İmam Rabbani Mektubat’ında (45.mektup) Hz. Peygamber’in bu hitabını dikkate alarak şöyle der:
- Mübarek Ramazan ayı, çok şereflidir. Bu ayda yapılan, nafile namaz, zikir, sadaka ve bütün nafile ibadetlere verilen sevap, başka aylarda yapılan farzlar gibidir. 
- Bu ayda yapılan bir farz, başka aylarda yapılan yetmiş farz gibidir. 
- Bu ayda bir oruçluya iftar verenin günahları af olur. Cehennemden âzâd olur. O oruçlunun sevabı kadar, ayrıca buna da sevap verilir. O oruçlunun sevabı hiç azalmaz. 
- Bu ayda, emri altında bulunanların, işlerini hafifleten, onların ibadet etmelerine kolaylık gösteren âmirler de af olur. Cehennemden âzâd olur. 
- Ramazan-ı Şerif ayında, Resulullah (s.a.v), esirleri âzâd eder, her istenilen şeyi verirdi. 

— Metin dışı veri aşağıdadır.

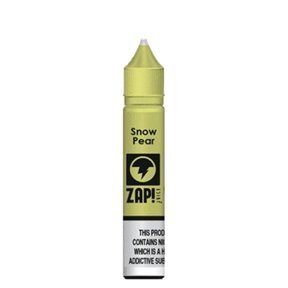 Zap Juice 10ML Nic Salt (Pack of 10) - Vapeshopdistro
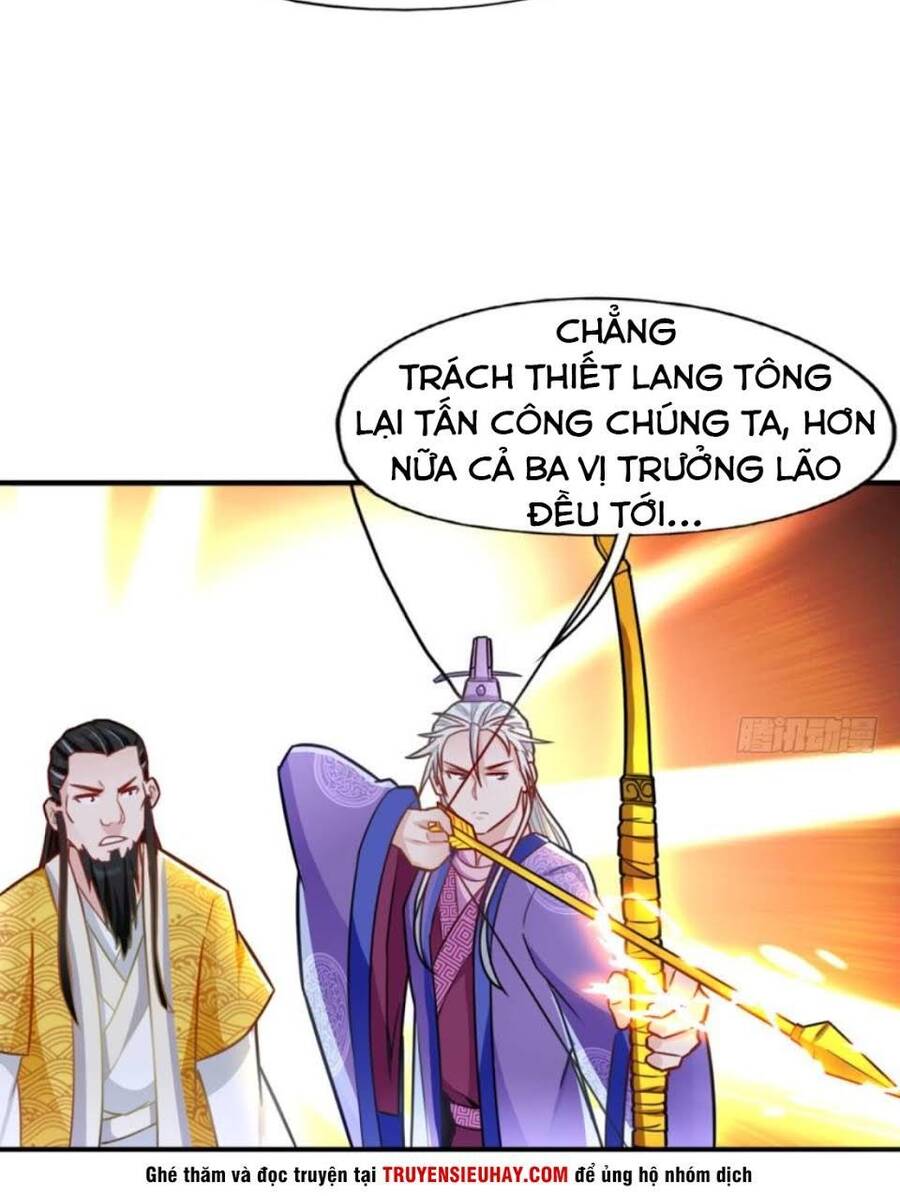 Lão Tổ Của Bạn Đang Online Chapter 12 - Trang 38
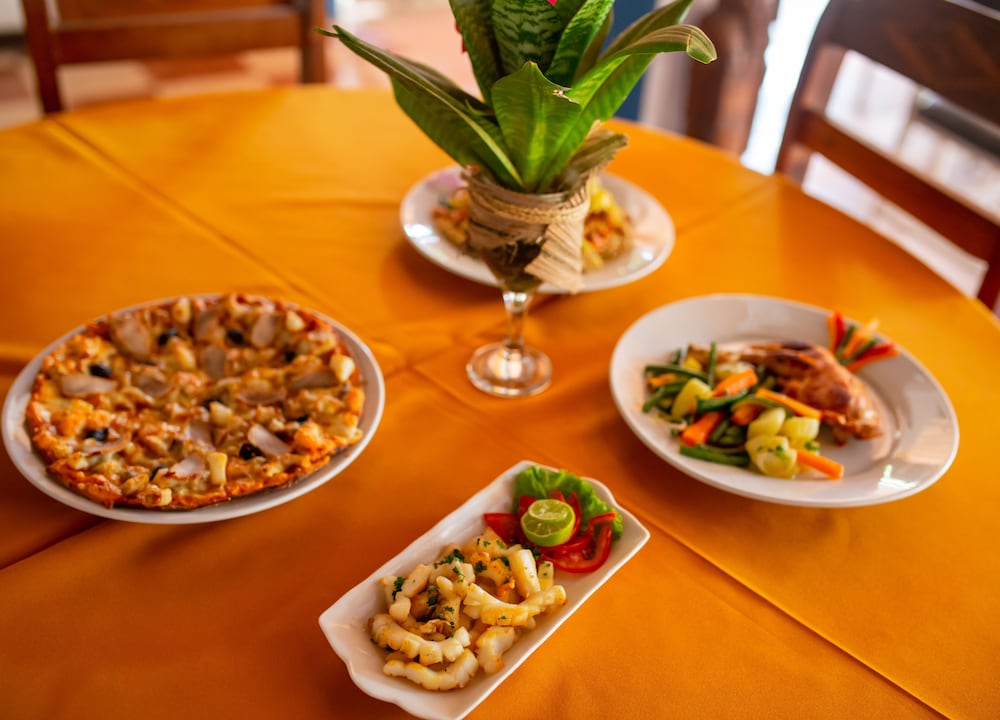 Фото Victory Hotel & Restaurant Tulear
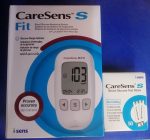 كير سينس جهاز قياس السكر - CareSens Glucometer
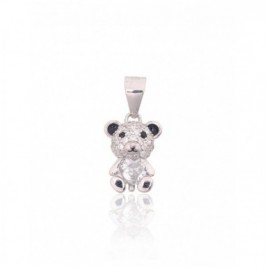 Sidabrinis pakabukas0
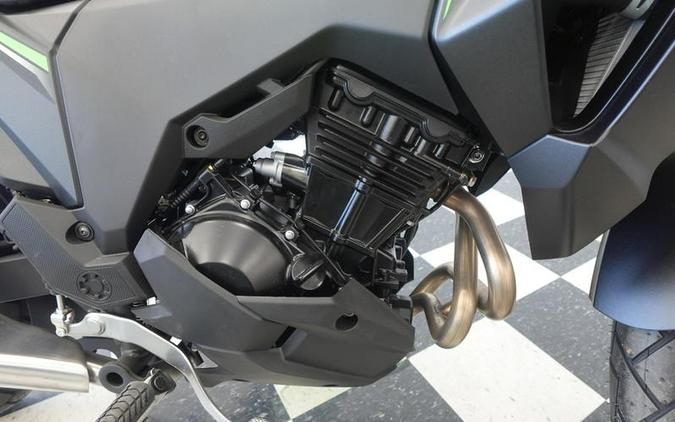 2025 Kawasaki Versys®-X 300 ABS
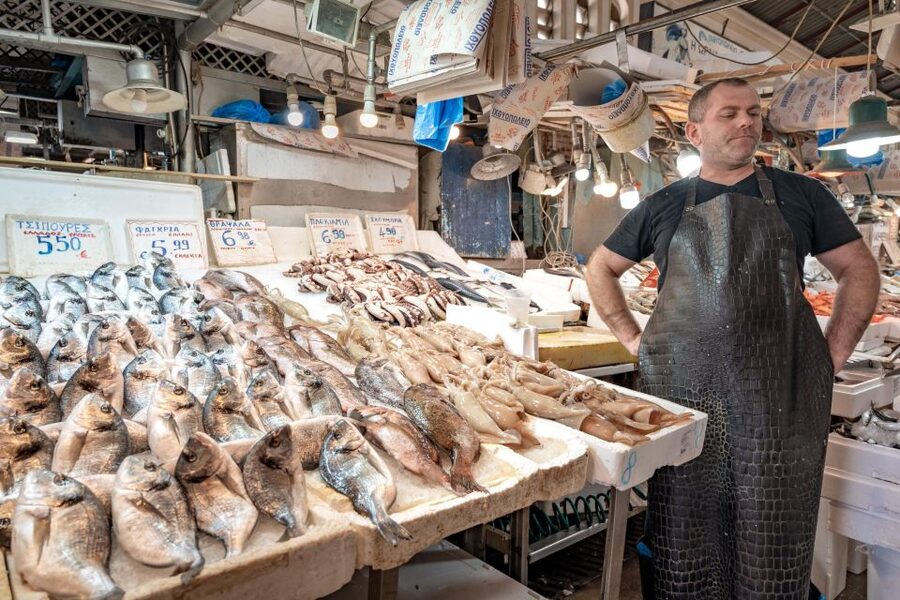 Athens: Greek Foodie Tour with Tastings - Price and Value for a 4-Hour Foodie Walk at $62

- Bu ayda ibadet ve iyi iş yapabilenlere, bütün sene bu işleri yapmak nasip olur. 
- Bu aya saygısızlık edenin, günah işleyenin bütün senesi, günah işlemekle geçer. 
- Elden geldiği kadar ibadet etmelidir. 
- Allah Teâlâ’nın râzı olduğu işleri yapmalıdır. 
- Bu ayı, Ahireti kazanmak için fırsat bilmelidir. 
- Hurma ile iftar etmek sünnettir. Teravih kılmak ve hatim okumak mühim sünnettir. 
- Bu ayda, her gece, Cehenneme girmesi gereken, binlerce Müslüman af olur, âzâd olur. Bu ayda, Cennet kapıları açılır. Cehennem kapıları kapanır. Şeytanlar, zincirlere bağlanır. Rahmet kapıları açılır.